§ What the task requires
Nothing but an exact repeat of the data, with pictures removed, belongs in the answer.

Dataset records below:

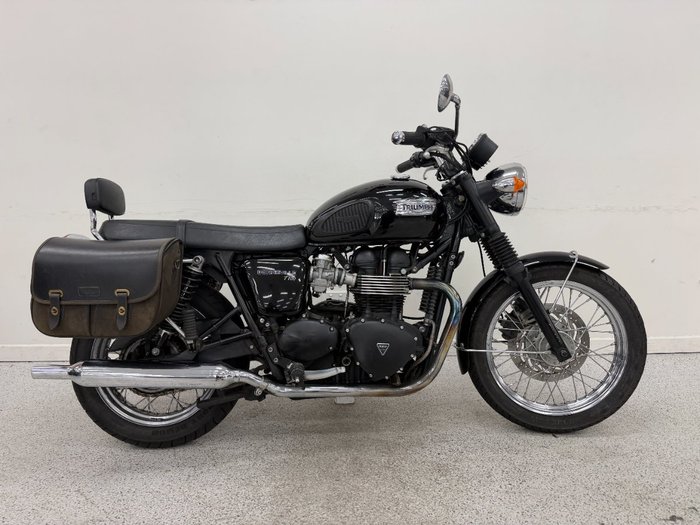 Triumph 2013 TRIUMPH 865CC BONNE T100 A2 Black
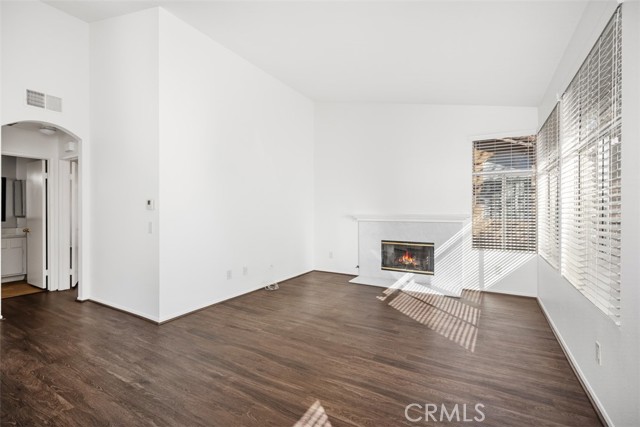 MLS #OC25246982 image #2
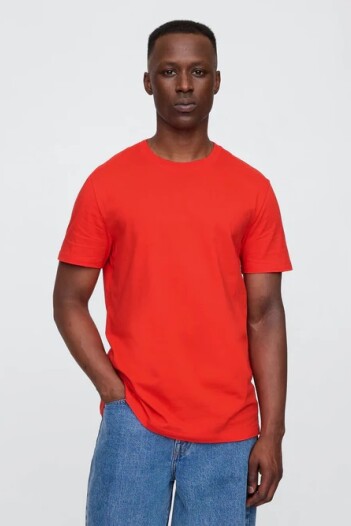 Remera Bàsica Manga Corta Hombre Poster Red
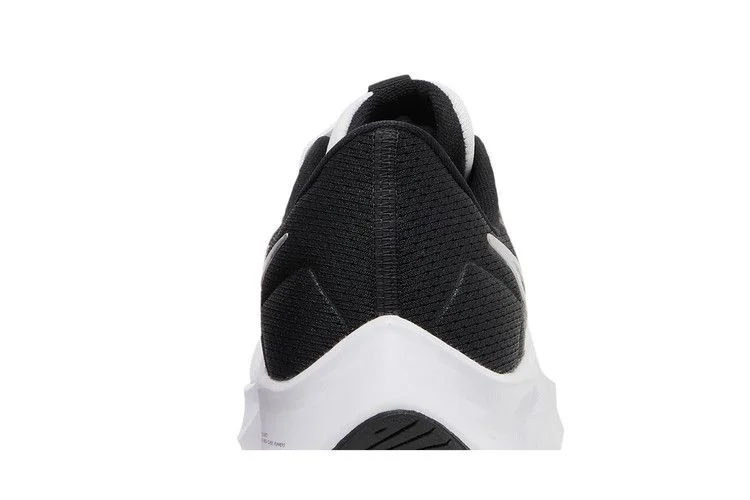Кроссовки Nike Wmns Air Zoom Pegasus 38 'White Metallic Silver'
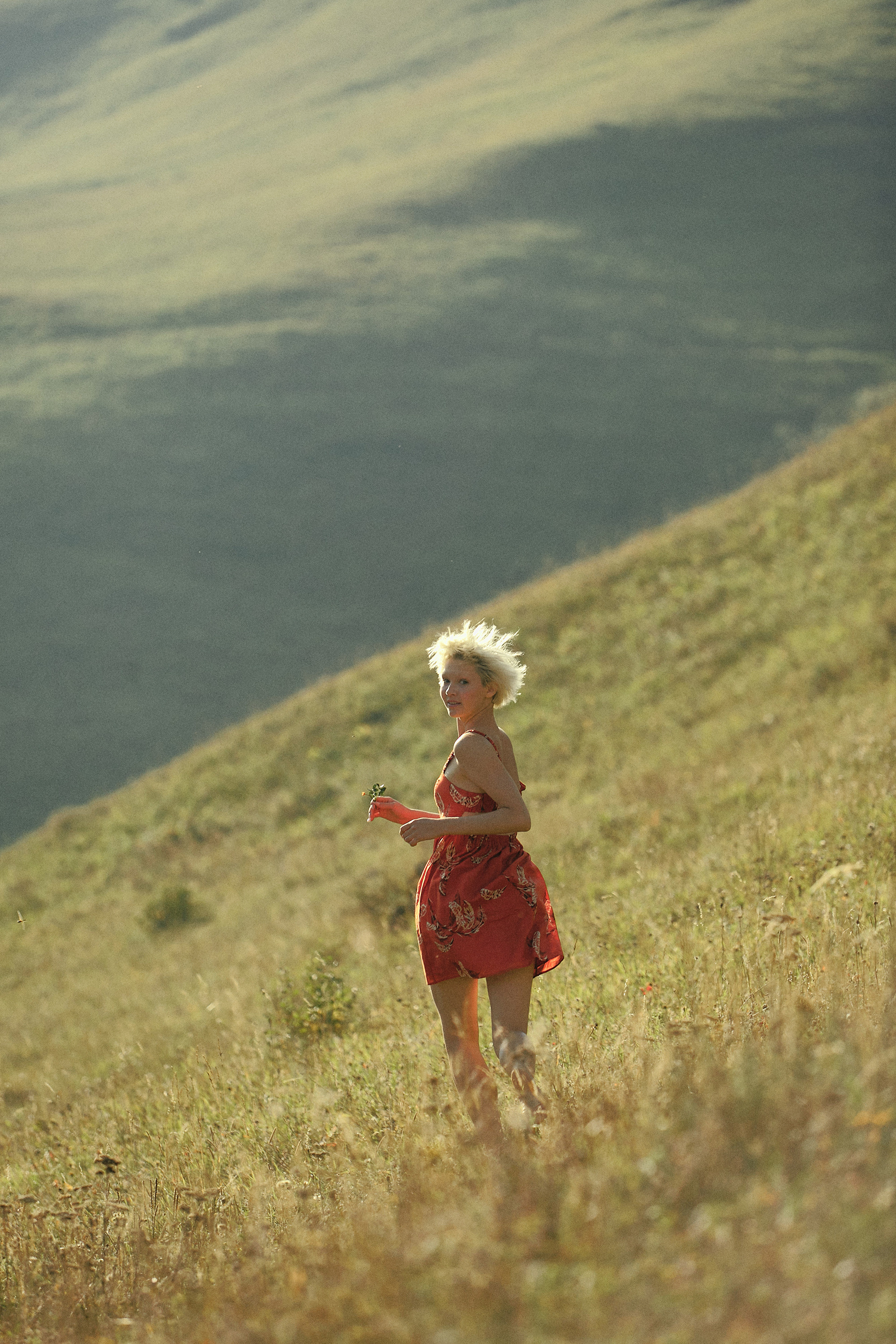 Летняя Фотосессия в горах Кавказа. Фотограф Продюсер в горах КБР / Москва  Нальчик Горы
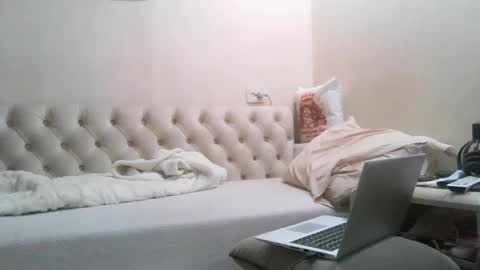 webcamboy98 online show from 03-13-26, 09:27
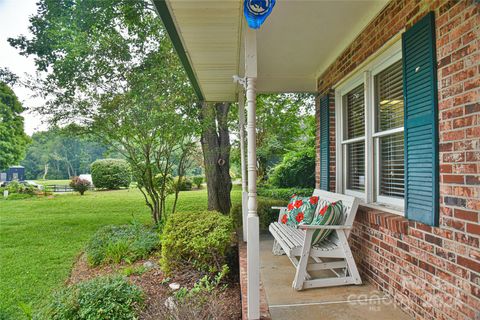 A home in Etowah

End of Dataset records.

§ Output
 Triumph 2013 TRIUMPH 865CC BONNE T100 A2 Black
 MLS #OC25246982 image #2
 Remera Bàsica Manga Corta Hombre Poster Red
Кроссовки Nike Wmns Air Zoom Pegasus 38 'White Metallic Silver'
 Летняя Фотосессия в горах Кавказа. Фотограф Продюсер в горах КБР / Москва  Нальчик Горы
 webcamboy98 online show from 03-13-26, 09:27
 A home in Etowah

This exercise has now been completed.